Head Start doesn’t just teach kids, it teaches parents how to be teachers to their kids. Today I stand here, as not only a proud former Head Start parent, but as a proud Head Start Family Services Teacher.
I work full-time with the families and children I love as my very own. I cannot begin to express how lucky I feel to be in a place to give back the love and care that was given to me, and receiving it again ten-fold from all the children in my classroom.
I absolutely love giving back to a program where I feel a strong familial bond, and am whole-heartedly thankful that I am now fully self-sufficient and happy. Thanks to Head Start, we have been able to head forward. Again, the thanks cannot be measured, but thank you again and always.
Unfortunately, my story is not unique. I’ve seen and felt it firsthand from the families I work so closely with. I feel it is completely unjust that families with preschool aged children are punished with poverty and stress. It terrifies and saddens me to witness and know what families go through just to survive. All during the most important and influential years of a human’s life: Birth to age five. Head Start provides an option, help and hope.
My son graduated from the program at 5 years old, but the benefits of his three years in the program will last him a lifetime. At seven years old, he is now a beaming, well-adjusted second grader at Templeton Elementary, where I currently work in the Head Start classroom.

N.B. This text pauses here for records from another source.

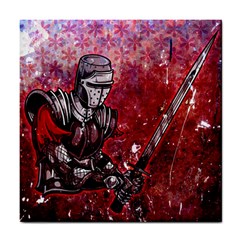 Knight Ceramic Tile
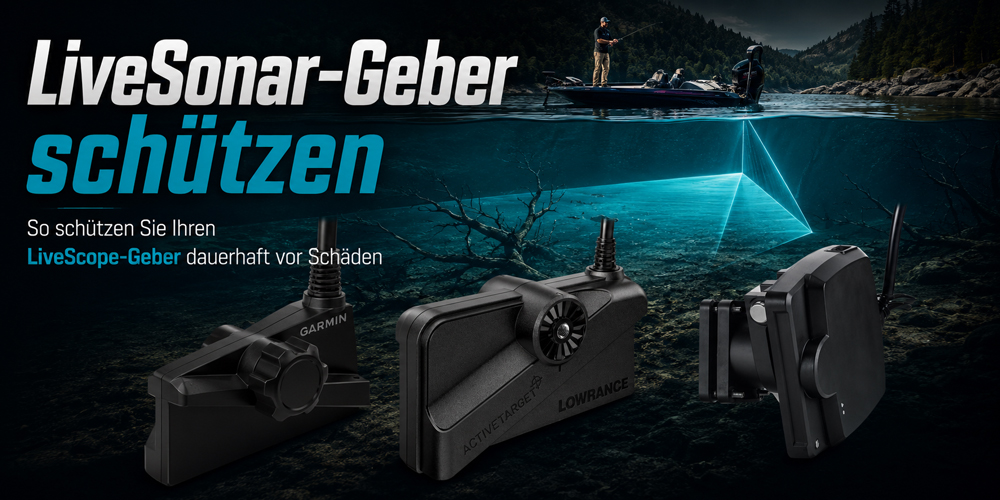 Livegeber schützen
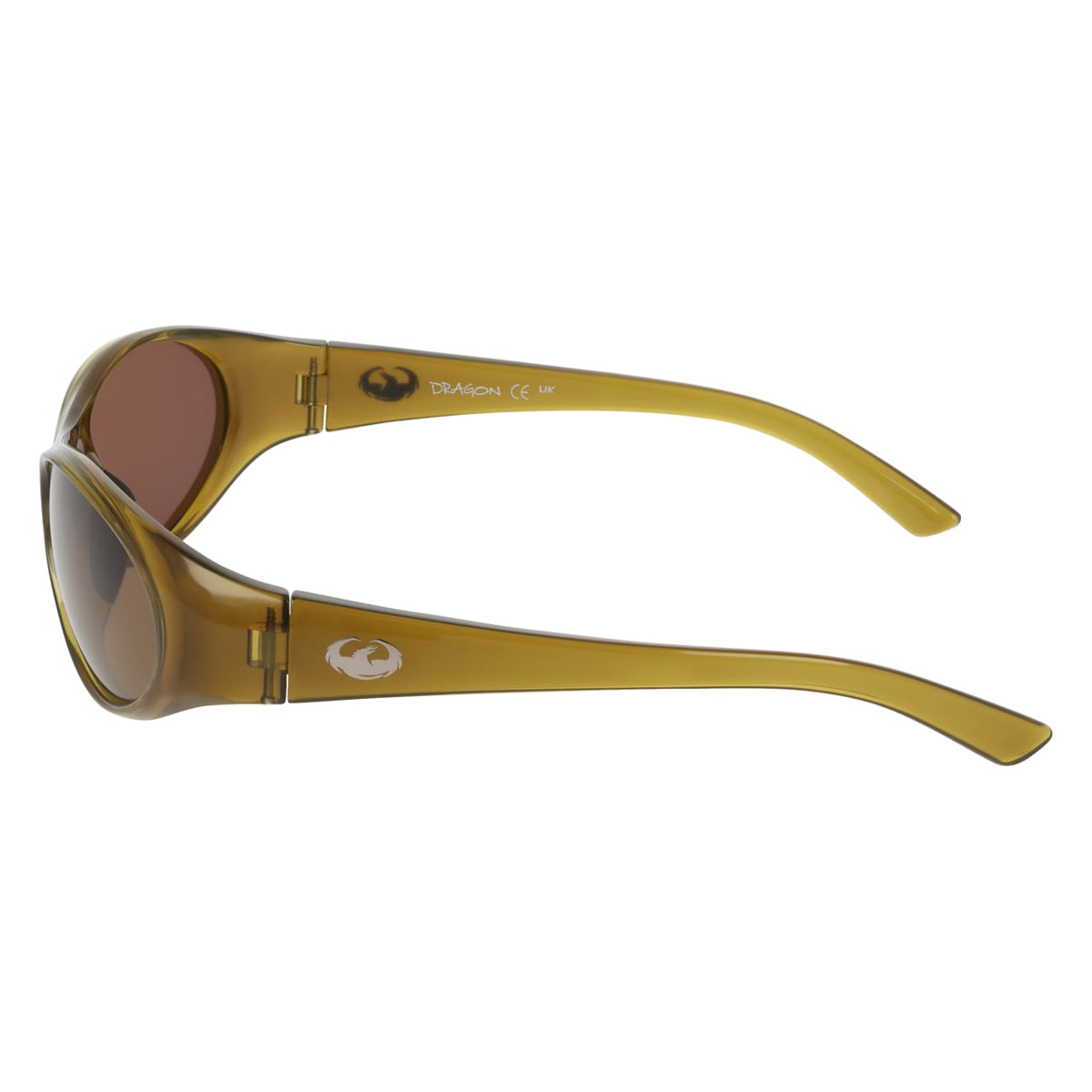 Gafas de Sol Dragon DR HISS LL POLAR 300 56 19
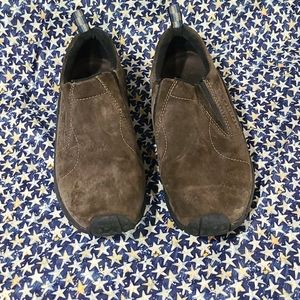 Men merrell shoes size 7.5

He has overcome his emotional problems and still absolutely loves school. If you do the math, you’ll realize that he is actually supposed to be in first grade. Because he developed such a love of reading and math during the time spent in Head Start, he was essentially “kicked out” of kindergarten and placed in the first grade. Currently, his academic capacity is at end of third grade.
Did he get a head start? What do you think?